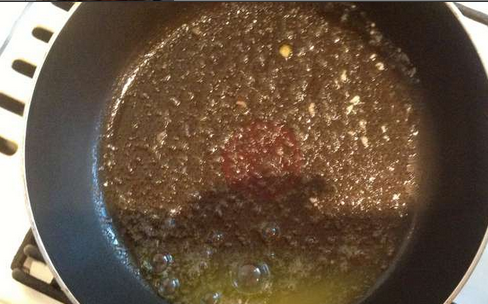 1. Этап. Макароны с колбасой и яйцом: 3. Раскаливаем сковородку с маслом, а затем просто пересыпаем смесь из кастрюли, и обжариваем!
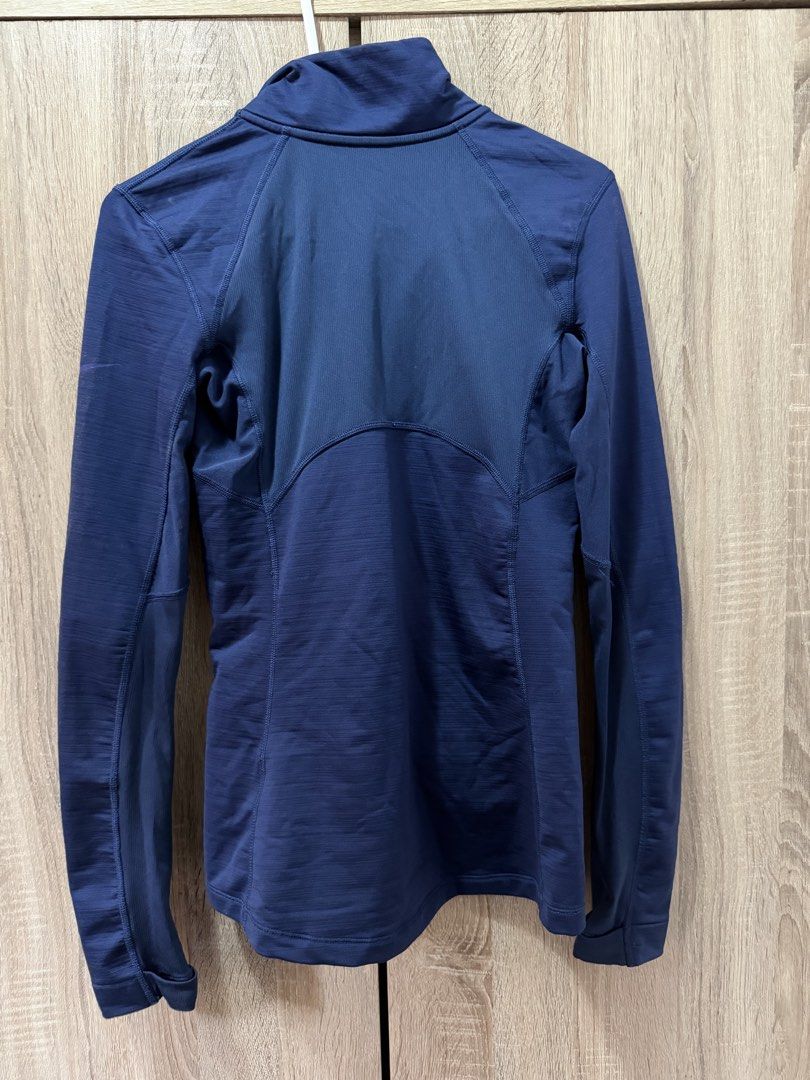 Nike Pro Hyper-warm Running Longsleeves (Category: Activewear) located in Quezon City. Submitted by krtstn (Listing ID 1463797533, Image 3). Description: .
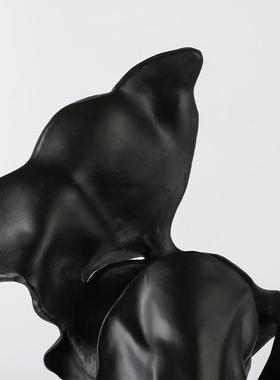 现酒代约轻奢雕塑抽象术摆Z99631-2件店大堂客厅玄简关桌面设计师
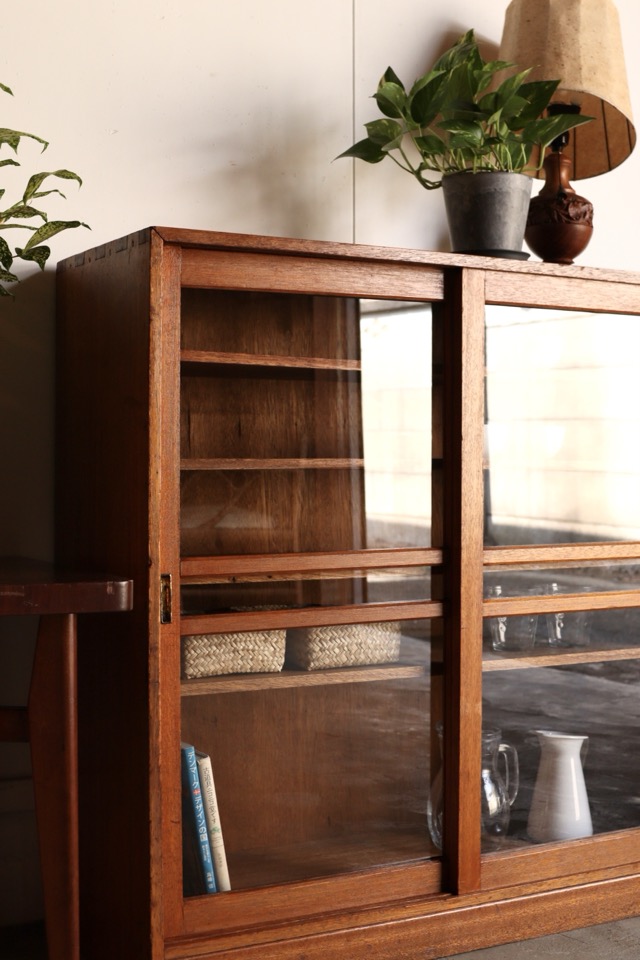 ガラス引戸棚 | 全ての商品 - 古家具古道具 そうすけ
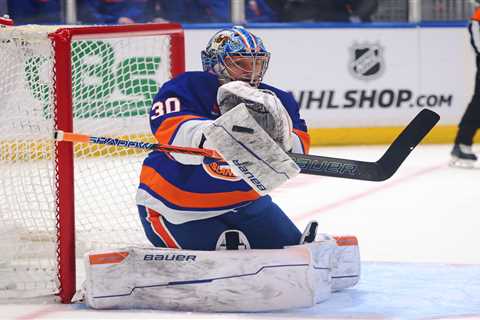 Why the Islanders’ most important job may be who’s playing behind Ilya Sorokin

...

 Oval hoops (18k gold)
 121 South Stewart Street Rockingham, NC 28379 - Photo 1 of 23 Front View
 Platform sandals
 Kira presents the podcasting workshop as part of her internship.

--

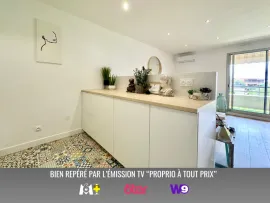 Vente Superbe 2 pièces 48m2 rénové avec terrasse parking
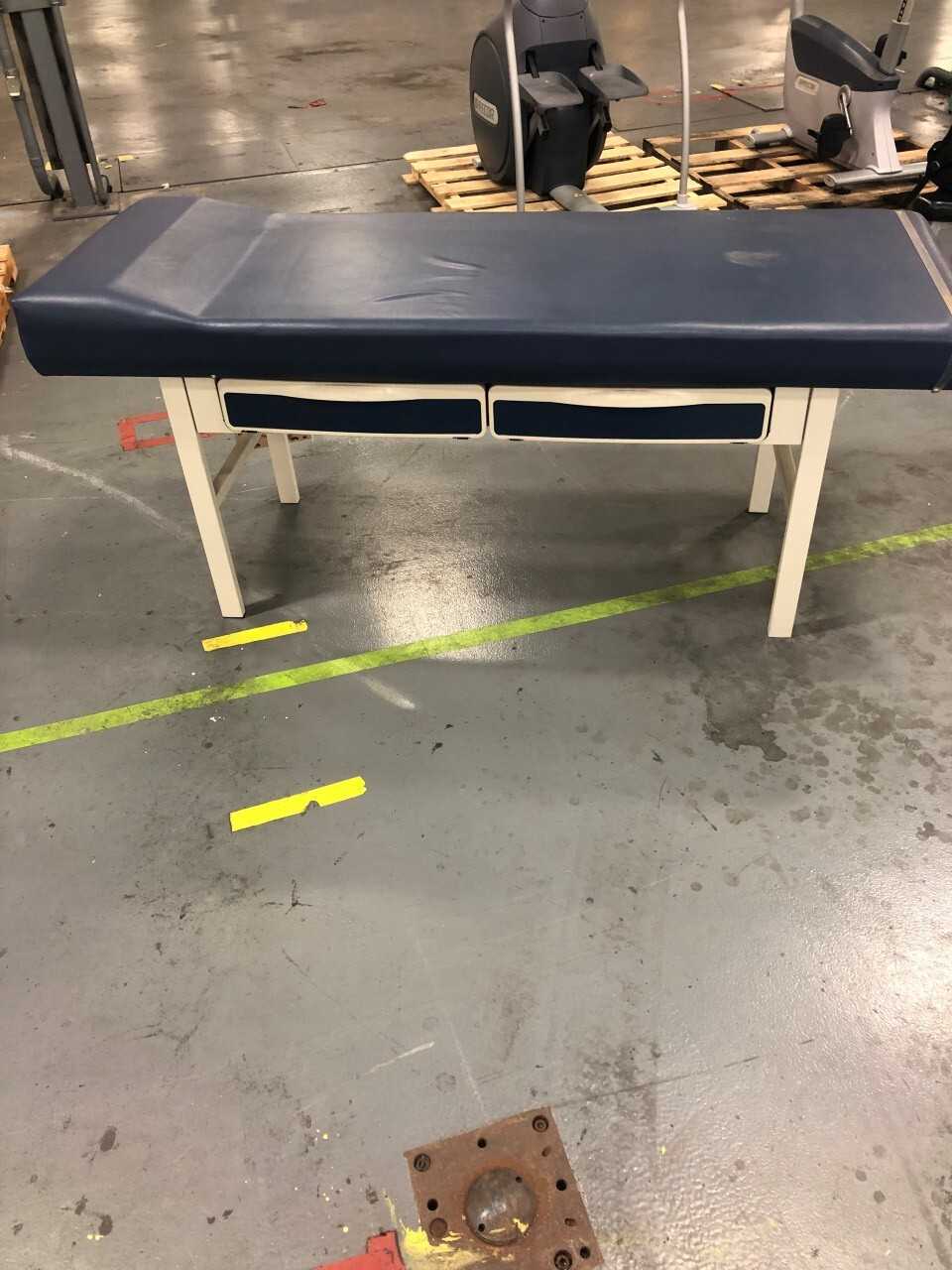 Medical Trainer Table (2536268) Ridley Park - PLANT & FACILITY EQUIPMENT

§ **TASK OBJECTIVE**
In the records above, find the line containing "1. Этап. Макароны" and the line containing "Nike Pro Hyper-warm", then give both of them again word for word along with every line between. Omit any pictures.

§ **THE COMPLETED TASK**
 1. Этап. Макароны с колбасой и яйцом: 3. Раскаливаем сковородку с маслом, а затем просто пересыпаем смесь из кастрюли, и обжариваем!
 Nike Pro Hyper-warm Running Longsleeves (Category: Activewear) located in Quezon City. Submitted by krtstn (Listing ID 1463797533, Image 3). Description: .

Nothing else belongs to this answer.